# Tutorial 2: Preparing your Data

### Tutorial Overview:

With your newfound knowledge of variable types and data structures, it's crucial to understand that datasets typically arrange data in rows and columns. The process of preparing your data for analysis can take a significant amount of time but is essential.

You can of course find data that is ready to be analysed, but usually, there is always something that needs to be done to get the data ready. Understanding how datasets work and how to prepare them is a vital part of data analysis. We'll explore dataset structures, tackle data cleaning (including dealing with missing values), and learn about variable transformation.

Python and R make cleaning data much easier, but it does require coding skills. Alternatively, you can use Excel, although this will be more time intensive, and to some extent, Jamovi to get your data ready. This is your basic primer on the subject.

To prepare your data you will usually follow the following steps:

Explore your data - this cannot be overstated. Get to know the data you are working with.

Remove unnecessary rows and columns

Rename variables

Adjust your levels

Deal with missing values

Transform variables

Throughout the process document what you do and why you do it. This allows others to replicate and check your analysis!

## 2.1 Dataset Structure

### 2.1.1 Explore Dataset Structures

If you're familiar with Excel, you will recognise the standard structure of datasets: organised into rows and columns. While datasets vary in appearance, this basic format is consistent.

Columns: Each column represents a variable, which can be any characteristic, number, or quantity that is measurable. Variables include attributes like an individual's age, sex, income, ethnicity, or views on a topic.

Rows: Each row corresponds to a single observation, which may include multiple fields — for instance, a participant's complete survey responses or comprehensive details of an incident. These rows are comprised of numerous variables, each represented by a column.

It is crucial to grasp this row-and-column structure, as it is a constant across various software like Excel, Jamovi, SPSS, R, and Python. Usually, your dataset will come as a .csv file. However, there are other data structures, such as .json files, but these need to be transformed into the row-and-column format before analysing the data.

The above image gives you a good idea of what your data should look, prior to you analysing your data.

Familarise yourself with this structure - you will not be able to get away from it.

## 2.2 Data Preparation

### 2.2.1 Explore your data

Understanding and exploring your dataset before diving into data preparation is a critical step in any data analysis project. It serves as a foundational stage where you familiarize yourself with the nature, structure, and idiosyncrasies of your data. This preliminary step can inform how you approach cleaning, transforming, and analyzing your data.

### Familiarize yourself with the Datas

Review Metadata:

Start by examining any available metadata, which includes information about the data source, collection methods, data dictionary (descriptions of variables), and any previous manipulations the data might have undergone. Often this can be found in a codebook.

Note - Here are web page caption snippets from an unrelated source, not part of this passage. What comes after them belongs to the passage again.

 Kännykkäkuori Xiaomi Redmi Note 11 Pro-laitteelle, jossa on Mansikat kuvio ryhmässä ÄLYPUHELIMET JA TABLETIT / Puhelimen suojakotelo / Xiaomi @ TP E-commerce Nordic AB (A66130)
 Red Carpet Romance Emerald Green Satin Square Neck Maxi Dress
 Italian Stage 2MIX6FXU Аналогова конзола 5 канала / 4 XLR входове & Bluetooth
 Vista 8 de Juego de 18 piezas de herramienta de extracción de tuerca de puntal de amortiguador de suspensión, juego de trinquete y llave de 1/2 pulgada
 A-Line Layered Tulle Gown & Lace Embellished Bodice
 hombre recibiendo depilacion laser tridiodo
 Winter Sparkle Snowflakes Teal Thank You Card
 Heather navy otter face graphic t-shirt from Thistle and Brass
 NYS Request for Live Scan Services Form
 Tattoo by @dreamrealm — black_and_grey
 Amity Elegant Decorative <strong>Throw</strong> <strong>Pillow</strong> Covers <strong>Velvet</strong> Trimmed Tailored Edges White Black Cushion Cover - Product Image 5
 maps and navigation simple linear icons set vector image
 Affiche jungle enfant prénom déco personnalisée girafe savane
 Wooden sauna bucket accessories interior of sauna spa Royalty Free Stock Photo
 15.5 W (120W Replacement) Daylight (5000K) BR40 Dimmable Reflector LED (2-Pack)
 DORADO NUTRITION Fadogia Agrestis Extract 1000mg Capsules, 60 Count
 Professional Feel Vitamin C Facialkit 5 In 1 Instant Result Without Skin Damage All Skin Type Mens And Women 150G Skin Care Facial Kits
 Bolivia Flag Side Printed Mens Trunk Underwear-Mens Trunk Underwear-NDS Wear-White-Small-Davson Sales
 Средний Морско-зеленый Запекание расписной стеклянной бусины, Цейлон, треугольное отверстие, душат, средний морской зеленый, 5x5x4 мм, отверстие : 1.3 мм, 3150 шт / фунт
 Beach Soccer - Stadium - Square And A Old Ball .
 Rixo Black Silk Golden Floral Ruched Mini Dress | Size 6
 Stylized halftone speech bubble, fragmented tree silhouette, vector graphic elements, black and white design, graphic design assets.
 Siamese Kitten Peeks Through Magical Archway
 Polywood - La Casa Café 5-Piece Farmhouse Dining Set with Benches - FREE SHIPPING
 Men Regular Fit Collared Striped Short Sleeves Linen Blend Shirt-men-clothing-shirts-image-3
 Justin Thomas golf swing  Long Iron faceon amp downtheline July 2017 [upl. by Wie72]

If you have collected the data yourself, consider creating a codebook to record this data

Initial Observations:

Open your dataset in a data analysis tool and do a cursory review to understand the basic format, the number of variables (columns), and the number of observations (rows). Check for:

The presence of header rows.

Data types (e.g., numerical, categorical, text, date).

Overall size and scope of the dataset.

### Descriptive Statistics

Generate summary statistics for numerical data to get a sense of the central tendency (mean, median), dispersion (range, interquartile range, standard deviation), and shape (skewness, kurtosis).

For categorical variables, look at frequency distributions to understand the proportion of each category and to spot any categories that may have very few observations.

### Data Quality Assessment

Identify if the dataset has missing values, where they are, and how they're represented (e.g., as NaN, NULL, blank spaces, or placeholders like -999).

Search for and assess the impact of duplicate rows or entries. Decide on a strategy for handling any duplicates you find.

Look for outliers or anomalies in your data, which could be errors or legitimate extreme values.

At this state you might also consider visualising some of your data, to help you get a better understanding of what the data is hidding. Use visual tools like histograms, box plots, and scatter plots to observe the distribution and relationships between variables.

Initial Findings and Tidy Data:

Note down any interesting patterns, trends, or initial insights that could guide more in-depth analysis later.

Ensure that your data is tidy; each variable should form a column, each observation should form a row, and each type of observational unit should form a table.

Identify areas that will require cleaning or transformation based on your exploration.

By thoroughly understanding and exploring your dataset upfront, you'll set a strong foundation for the subsequent steps in your data analysis process. This phase ensures that the data you work with is well-suited for your analysis objectives and that the insights you derive are reliable and meaningful.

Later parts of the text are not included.